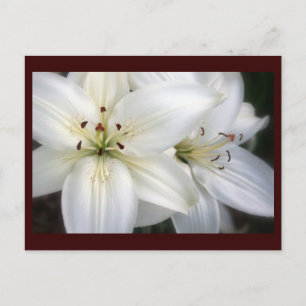 Lilies Postcard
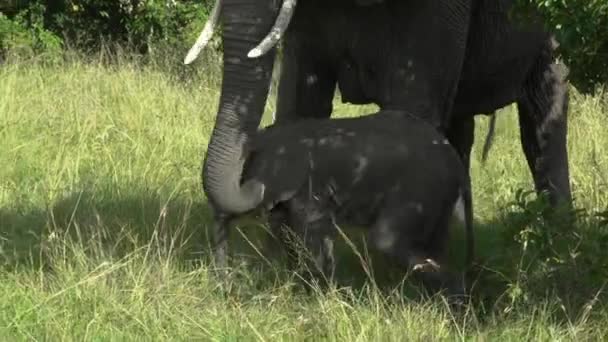 En elefant som står i gräset — Stockvideo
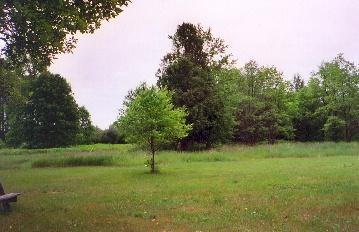 11625 Berg Road Kaleva, MI 49645 - Photo 8 of 9 Additional Photo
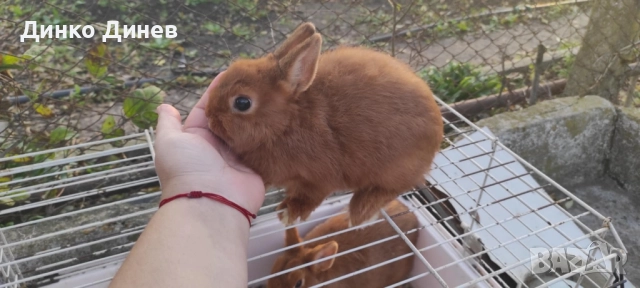 холандско джудже 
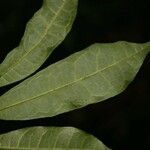 Trymatococcus oligandrus Лист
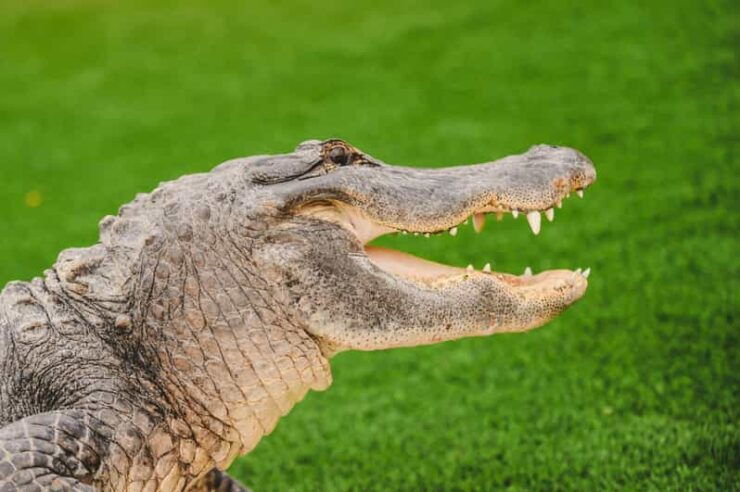 Miami: Wild Everglades Airboat Ride and Gator Encounters - Itinerary and Transportation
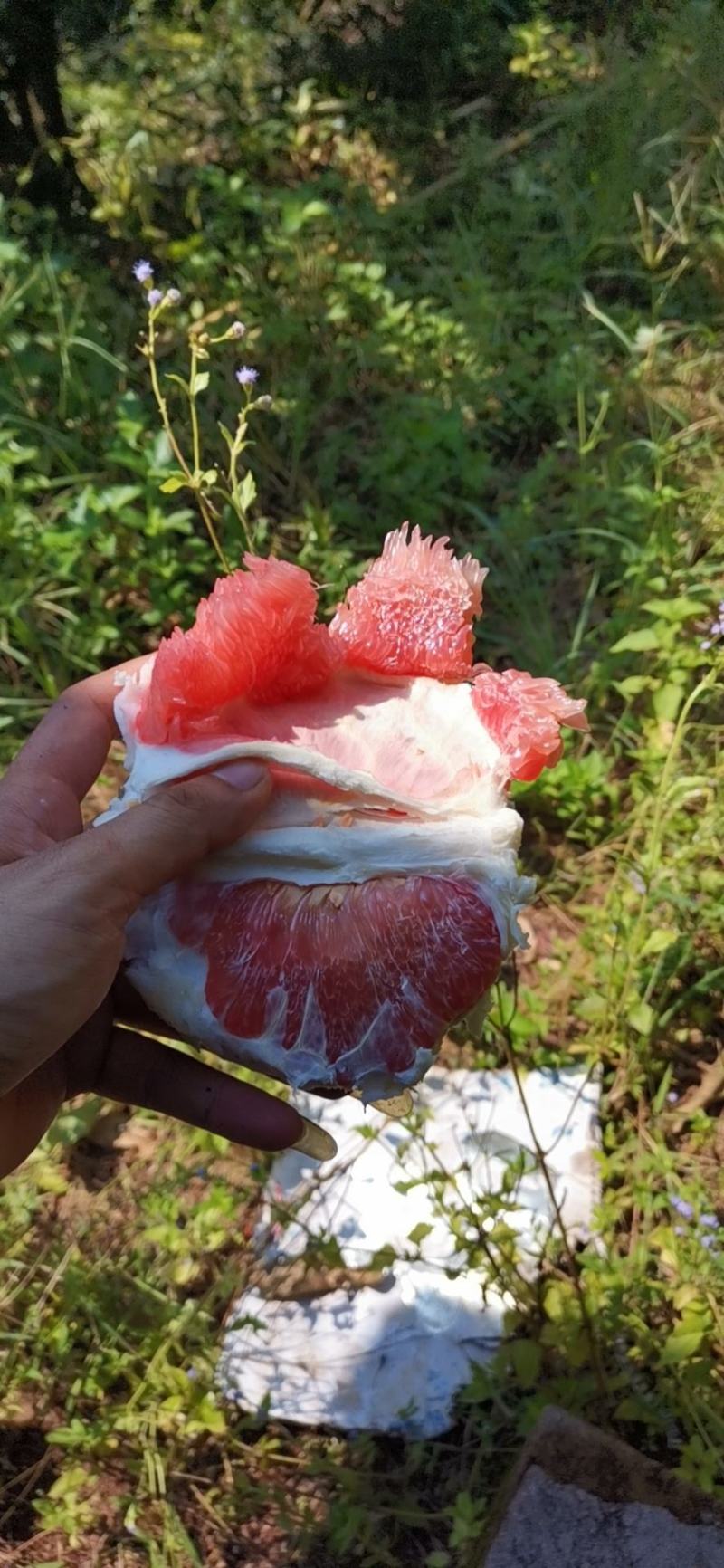 红心蜜柚2斤以上农家种植，皮薄水多，柔嫩无渣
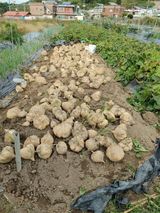 팜모닝 자유주제·사진전 게시글 이미지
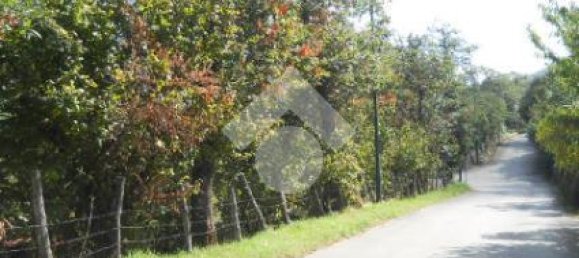 Terreno en Serino, Italy 5500 m² No. 154136 4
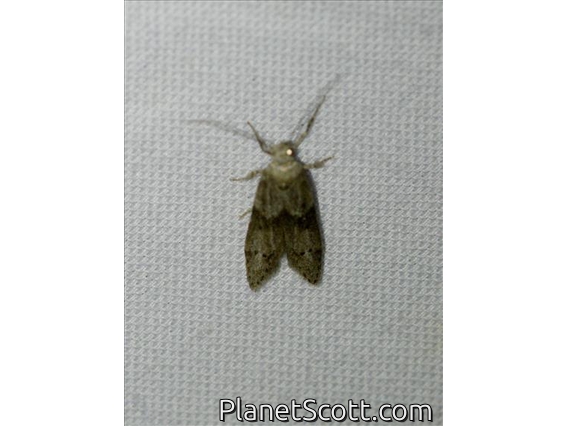 Curve-horn Moth (Blastobasis sp)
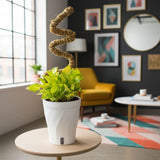 Pothos Neon Joy | medium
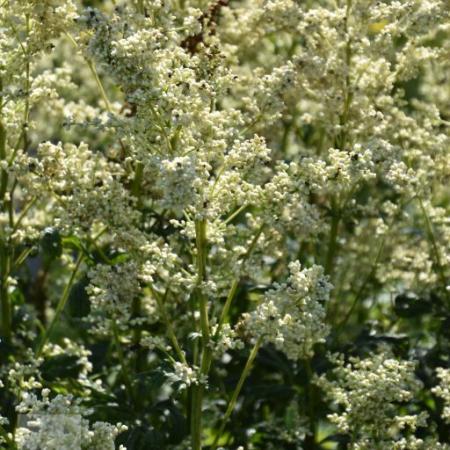 Artemisia lactiflora 'Elfenbein'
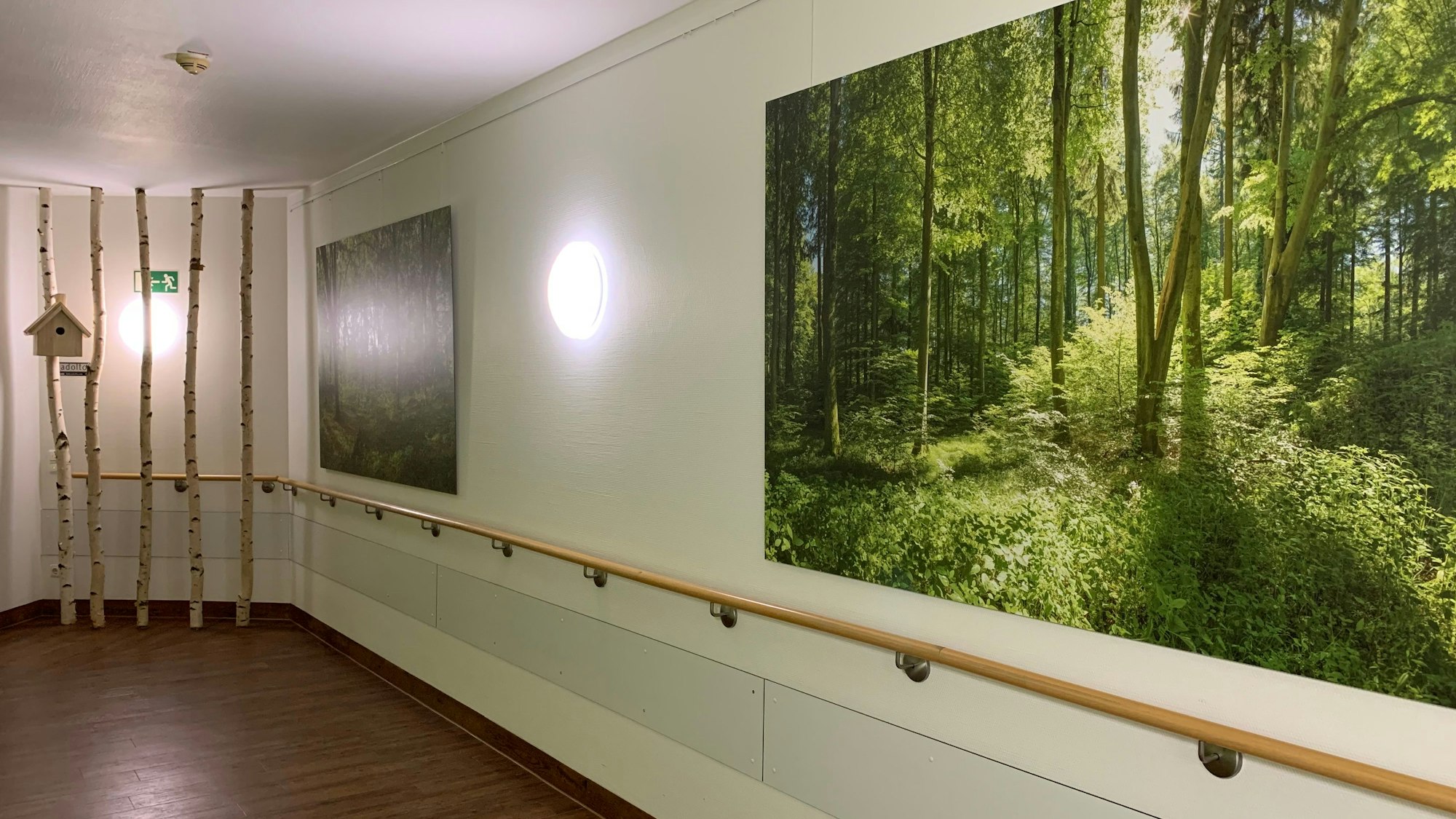 Auf den Fluren der Chemoambulanz hängen Fotos aus Wäldern an der Wand, die das Wohlbefinden steigern sollen.
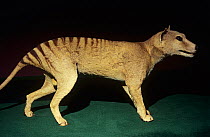 Thylacine (Thylacinus cynocephalus) taxidermy model, Tasmanian Wilderness UNESCO Natural World Heritage Site, Tasmania, Australia. Extinct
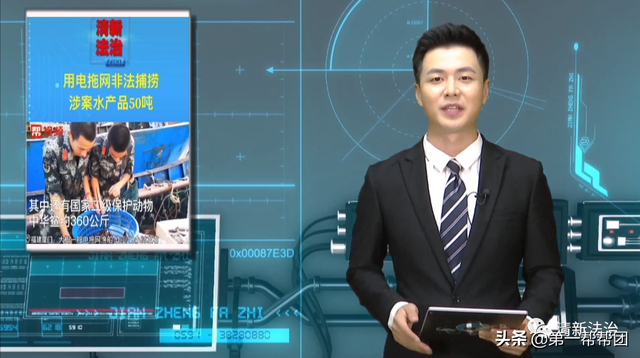 鲎是保护动物吗，鲎是保护动物吗为啥（休渔期非法捕捞国家保护动物中华鲎）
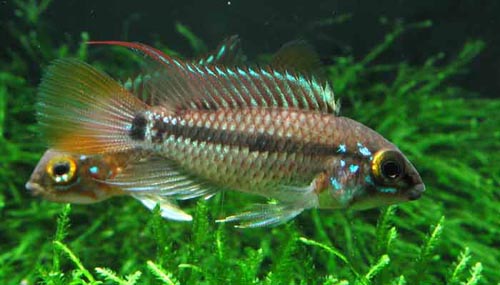 Apistogramma cruzi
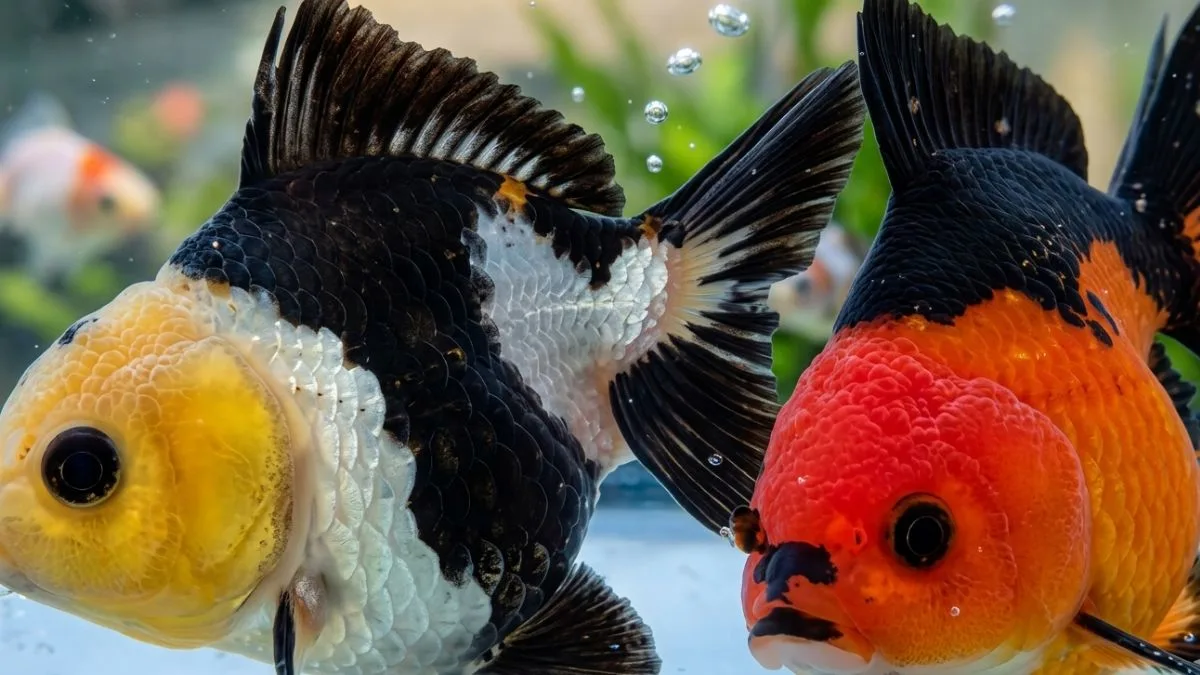 Gambar ikan koki panda jumbo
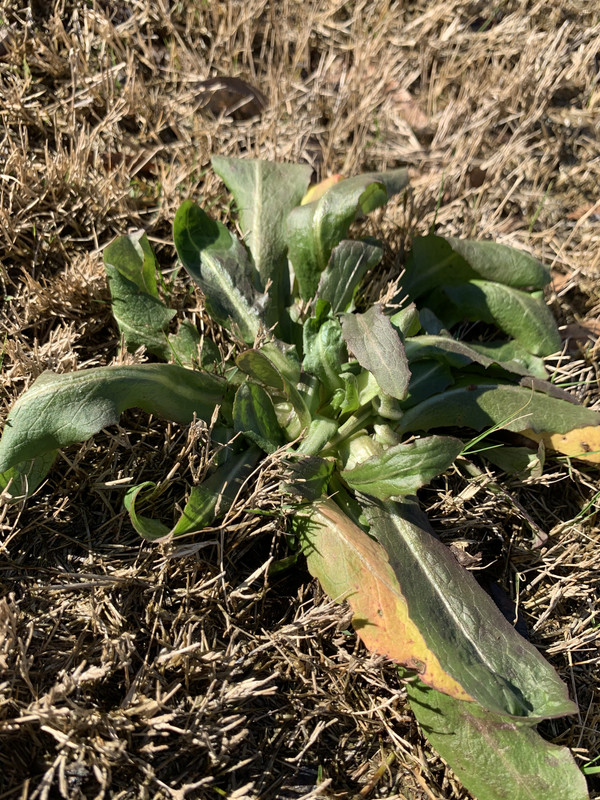 52964BD1-8116-4DB7-B123-71B11C667229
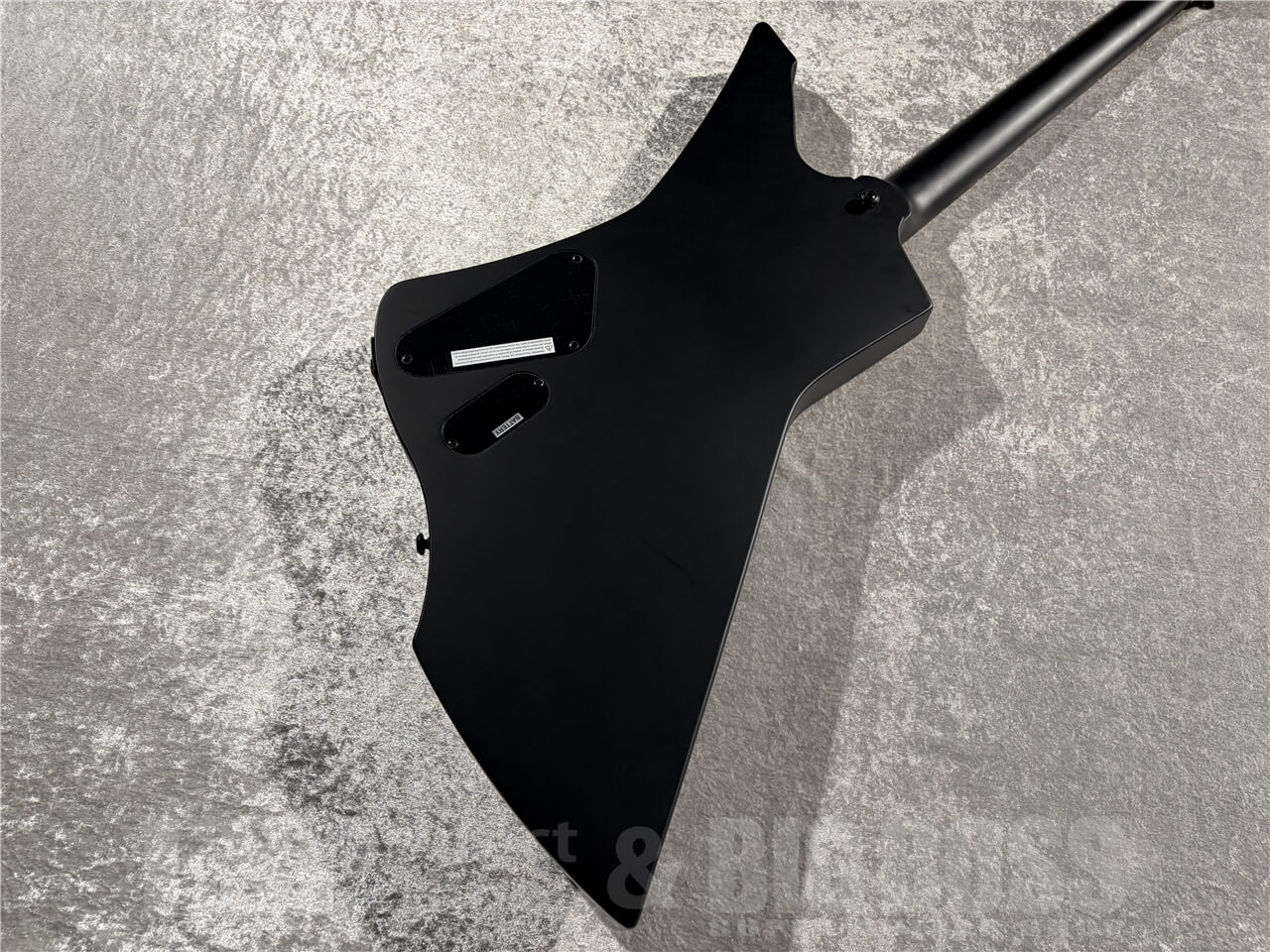 【即納可能】LTD(エルティーディー) SNAKEBYTE (Black Satin/James Hetfield Signature Model) 札幌店 - 7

**Brief**
Write the lines from the line containing "Pothos Neon Joy | medium" through the last line of the data out again exactly, and only those lines; pictures stay out.

**Expected output**
 Pothos Neon Joy | medium
 Artemisia lactiflora 'Elfenbein'
 Auf den Fluren der Chemoambulanz hängen Fotos aus Wäldern an der Wand, die das Wohlbefinden steigern sollen.
 Thylacine (Thylacinus cynocephalus) taxidermy model, Tasmanian Wilderness UNESCO Natural World Heritage Site, Tasmania, Australia. Extinct
 鲎是保护动物吗，鲎是保护动物吗为啥（休渔期非法捕捞国家保护动物中华鲎）
 Apistogramma cruzi
 Gambar ikan koki panda jumbo
 52964BD1-8116-4DB7-B123-71B11C667229
 【即納可能】LTD(エルティーディー) SNAKEBYTE (Black Satin/James Hetfield Signature Model) 札幌店 - 7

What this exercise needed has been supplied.